# [Brief]
When you reach the line with "Schweinemagerbäckchen von Premieur für", transcribe it and each line after it through the last one below, exactly. Pictures stay out.

# [Collected material]
================================

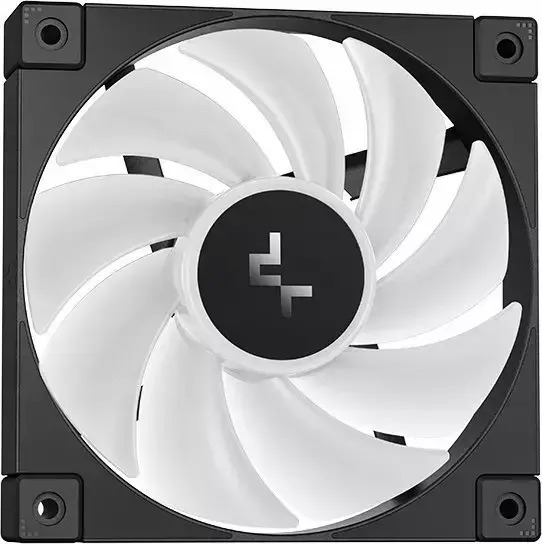 Deepcool LP360 Υδρόψυξη Επεξεργαστή Τριπλού Ανεμιστήρα 120mm για Socket AM4/AM5/1700/115x με ARGB Φωτισμό - Image 5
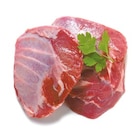 Schweinemagerbäckchen von Premieur für 14,99 € bei Netto mit dem Scottie im Angebot Schweinemagerbäckchen von Premieur im aktuellen Netto mit dem Scottie Prospekt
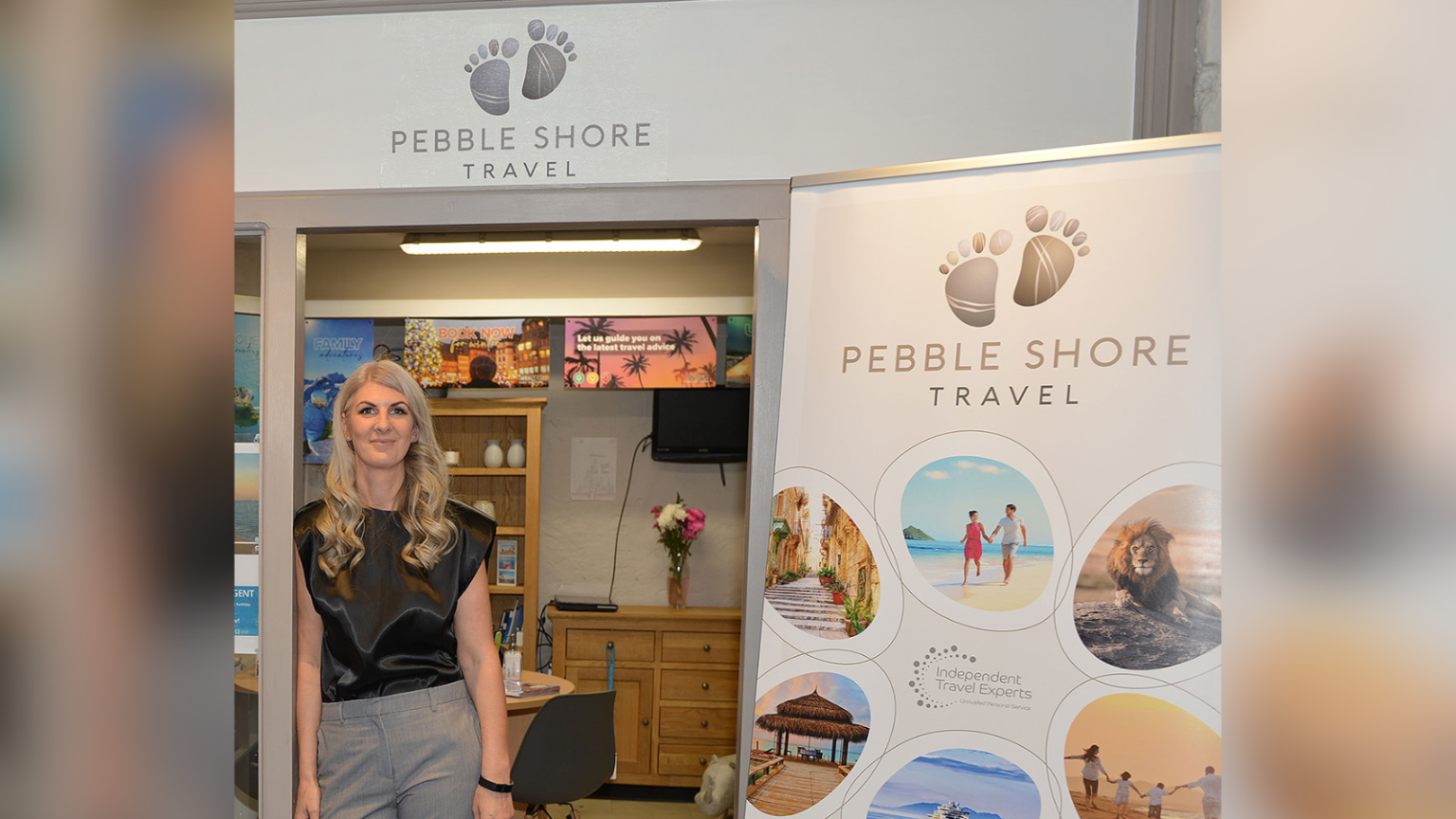 Scarborough Agent Hosts Inaugural Cruise Event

================================

# [Task output]
 Schweinemagerbäckchen von Premieur für 14,99 € bei Netto mit dem Scottie im Angebot Schweinemagerbäckchen von Premieur im aktuellen Netto mit dem Scottie Prospekt
 Scarborough Agent Hosts Inaugural Cruise Event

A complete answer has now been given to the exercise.